Limits, early-season closing proposed to cut crab harvest

A limit to the number of female crabs commercial crabbers can harvest in the early fall and an early closure to the crabbing season will help restore the dangerously low population levels, state regulators said Monday.

The Maryland Department of Natural Resources proposed emergency regulations aimed at reducing the female blue crab harvest by 34 percent.

“We are moving forward with a package that is predictable, reliable and enforceable,” said Frank Dawson, DNR?s assistant secretary for aquatic resources.

Under the proposed regulations, bushel limits would be enforced from Sept. 1 to Oct. 22, and the crabbing season would close Oct. 23.

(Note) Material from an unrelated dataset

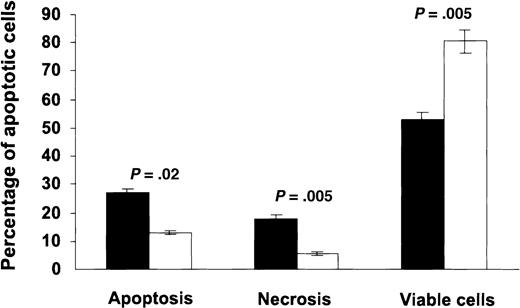 Fig. 2. Apoptosis rate of cultured marrow mononuclear cells. / Apoptosis rates (mean ± SEM) of cultured marrow cells from 7 patients with SDS (▪) and 11 control subjects (■) after 7 days of incubation, obtained using an annexin V/PI method.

The limits vary and are based on the average number of bushels licensed crabbers caught between 2004 to 2007. For example, crabbers who typically caught more than 40 bushels in October would be limited to 50.

“These limits represent a substantive reduction,” said Lynn Fegley, a DNR fisheries biologist.

The regulations also prohibit recreational crabbing of female crabs.

Regulators had considered bushel limits throughout the season and size limits.

The proposal comes on the heels of the winter dredge survey, which found the crab population had dipped to 125 million, far short of the 200 million considered healthy.

If approved by the General Assembly?s Joint Committee on Administrative, Executive and Legislative Review, the emergency regulations could take effect

May 8.

In case the plan is rejected, state regulators proposed a backup plan that includes closing the season Oct. 1.

Emergency regulations are rare, because watermen plan well ahead for the season and rely on the predictability of the regulations, said Tom Miller, a professor of fisheries science at the University of Maryland Center for Environmental Science?s Chesapeake Biological Laboratory in Solomons.

Crabbers have taken issue with strict restrictions, saying they will put many out of business.

Enforcing limits during September and October, when most of the catch occurs, and not pushing limits during other months is the best way to maximize the impact of the restrictions but ease the sting on watermen, Miller said.

“It is the most direct way to ensure compliance in the time frame they have,” he said.